El locutor y columnista Ramón Palomar se adentra, de nuevo, en la literatura con un thriller cañí, en el que aparecen algunos recuerdos de su infancia y juventud
VALÈNCIA. Hay monstruos que se ganan la simpatía del lector o del espectador. Seres ajenos a la moral convencional que están en las películas, las series de televisión y los libros. Uno de ellos, Ventura Borrás, es el protagonista de la última novela de Ramón Palomar, el también hoy conductor del programa Abierto a mediodía (99.9 Plaza Radio). Un legionario, que resulta cualquier cosa menos un héroe, es el sujeto que tira de la historia contada en El novio de la muerte. «Siempre me han gustado mucho este tipo de personajes, los advenedizos, su manera de actuar, los motivos por los cuales son así», cuenta Palomar en su casa, situada en un amplio ático de la zona de l’Eixample valenciano, la zona en la que ha vivido desde niño. Las paredes están llenas de libros, hay fetiches y recuerdos en todos los rincones, láminas de amigos como Paco Roca y creaciones de H. R. Giger. «Está el ejemplo de Toni Soprano —prosigue—, un monstruo al que acabas comprendiendo. Es un auténtico cabrón, pero le coges cariño. En la literatura clásica abundan ese tipo de seres. Están en la obra de Quevedo, Lope, Cervantes, incluso el mismísimo Homero. ¿Y por qué motivo nos gustan estos personajes? Creo que se debe a nuestra atracción natural hacia las zonas oscuras. Nos atrae su ausencia de escrúpulos y, a la vez, el código moral que ellos mismos crean».
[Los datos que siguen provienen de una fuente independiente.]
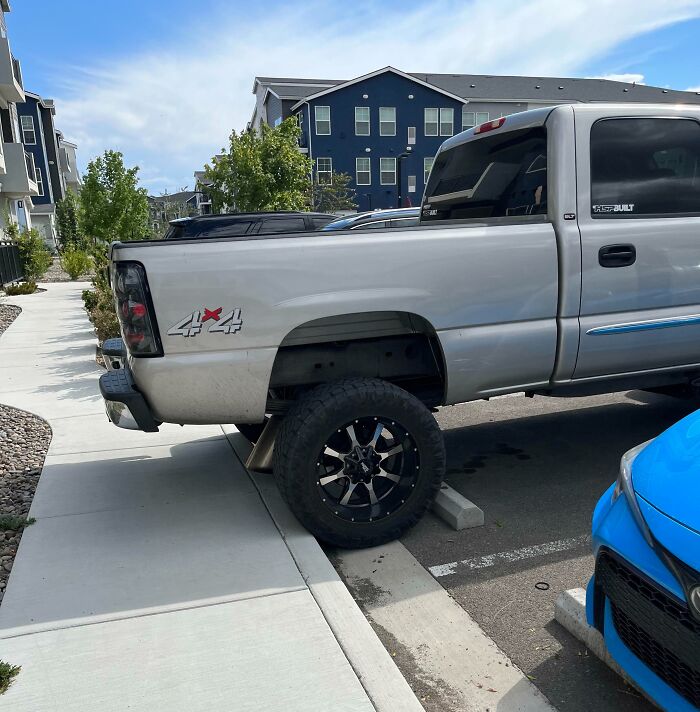 How My Neighbor Parks Their Truck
Desde sus inicios como columnista, a principios de los noventa, Palomar ha sido fiel a una línea y a un estilo. Nunca se casó con tendencias en alza ni se interesó por parecer moderno, en unos días en los que la pátina de modernidad era codiciada por la gente de su generación. Su imagen de rockero —pantalones negros, patillas, cazadora vaquera o de cuero— acompañaba la firma de un autor que siempre fue y sigue siendo políticamente incorrecto. Sus novelas, una trilogía que comenzó con Sesenta kilos en 2013 —traducida al francés—, que continuó con La gallera (2019) y que ahora se cierra con El novio de la muerte, también reflejan ese espíritu. «El panorama está muy dócil, muy soso, muy aburrido. Me gusta fijarme en temas en los que los demás no se fijan. Una de las obligaciones del novelista es encontrar temas originales e intentar huir de lo trillado. Usar la legión es una manera de tocar las narices. Eso sí, no estoy glorificando nada ni quiero exaltar nada. Esto es pura ficción, un invento que solamente busca que la gente lo pase bien».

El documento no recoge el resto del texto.